Sunday, November 20, 2011

The Nazi Seizure of the German Peoples’ Community

by G. Jack Urso

“Nazis . . . I hate these guys.” Indiana Jones, Raiders of the Lost Ark.

Introduction
As a study in microcosm on how the Nazi Party obtained and maintained the support of the German people, consider the town of Thalberg, Germany, in 1930. At that time, Thalberg, was much like other German communities in its makeup, temperament, and productivity. Thalberg’s population of approximately 10,000 was largely comprised of petite bourgeoisie, the primary source that Adolf Hitler drew support from for the Nazi movement. Most of the middle class were employed by the civil service, and whose livelihood depended on a strong government. As a result, the citizens of Thalberg were less likely to oppose a government in power that maintained a large bureaucracy (Allen 15).

E Pluribus Nazi

The class structure in Thalberg, Germany, in 1930 was divided as follows:

Lower Class                      37%
Lower Middle Class        32%
Upper Middle Class        27%
Upper Class                        4%
                                      (Allen 18)
 
The people of Thalberg were active in both work and social activities. Seventeen guilds represented 150 small shops. These guilds would organize and cooperate in social ventures like construction of housing for the homeless. A majority of the 161 clubs and organizations were military fraternities, veteran support groups, and women auxiliaries (Allen 19).
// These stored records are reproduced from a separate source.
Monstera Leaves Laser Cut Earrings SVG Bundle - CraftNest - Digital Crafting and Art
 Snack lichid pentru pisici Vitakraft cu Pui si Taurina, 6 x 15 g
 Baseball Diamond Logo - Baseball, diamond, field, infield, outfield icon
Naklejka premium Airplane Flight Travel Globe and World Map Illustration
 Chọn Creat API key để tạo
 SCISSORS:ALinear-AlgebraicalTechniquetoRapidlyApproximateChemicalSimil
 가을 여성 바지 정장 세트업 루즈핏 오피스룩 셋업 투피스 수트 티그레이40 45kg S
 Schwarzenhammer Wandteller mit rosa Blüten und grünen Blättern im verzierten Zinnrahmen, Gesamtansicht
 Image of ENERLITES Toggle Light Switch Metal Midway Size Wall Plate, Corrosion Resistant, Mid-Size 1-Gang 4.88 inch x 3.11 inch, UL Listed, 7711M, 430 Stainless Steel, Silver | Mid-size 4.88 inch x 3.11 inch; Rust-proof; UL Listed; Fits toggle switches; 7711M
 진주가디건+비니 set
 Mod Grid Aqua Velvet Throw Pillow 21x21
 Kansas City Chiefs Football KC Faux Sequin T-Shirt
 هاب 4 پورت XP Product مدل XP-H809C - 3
Militarism as a social phenomenon in Germany was alive long before Hitler was even born. Flanked by France and Russia and hemmed in by British dominance of the seas, Germany historically was in a position much like ancient Sparta. With enemies all around, a strong military was required in order to exert some measure of self-determination; indeed, Germany was the first to introduce conscription. A further consideration is that Germany was not unified until 1870. Due to the late date of unification, and bounded on all sides by perceived enemies, Germans subsequently became suspicious of foreigners (Allen 23).  This widespread German xenophobia became a driving force that brought the Nazis to power.

The secret of Hitler’s appeal to the conservative petite bourgeoisie in a town like Thalberg is that his attraction spanned class and gender. The Nazi Blood and Soil (Blut und Boden) ideology, which Hitler tied to the Nordic past, appealed to farmers. To the young, Hitler was a father figure. To the poor, Hitler’s indigent, homeless youth made him one of their own. To the officer corps, Hitler was the commander-in-chief. To the regular infantryman, Hitler was a former lance corporal who knew the dangers of front-line service. To the cultured, Hitler was an artist, architect, and an opera aficionado. To business, Hitler spurred economic growth with lucrative public works projects and military contracts (Grunberger 26).

With Hitler at the head of a centralized government, one would think that the populace would be quick to blame the Führer for Nazi extremism; however, just the opposite occurred. Nazi party heads were given relative carte blache to enforce the rules of the Reich; consequently, the resulting “excesses” could always be blamed on over-ambitious “little Hitlers,” as they were referred to. The people then could be confident that “If only Adolf knew about this,” he would set things right (Grunberger 26).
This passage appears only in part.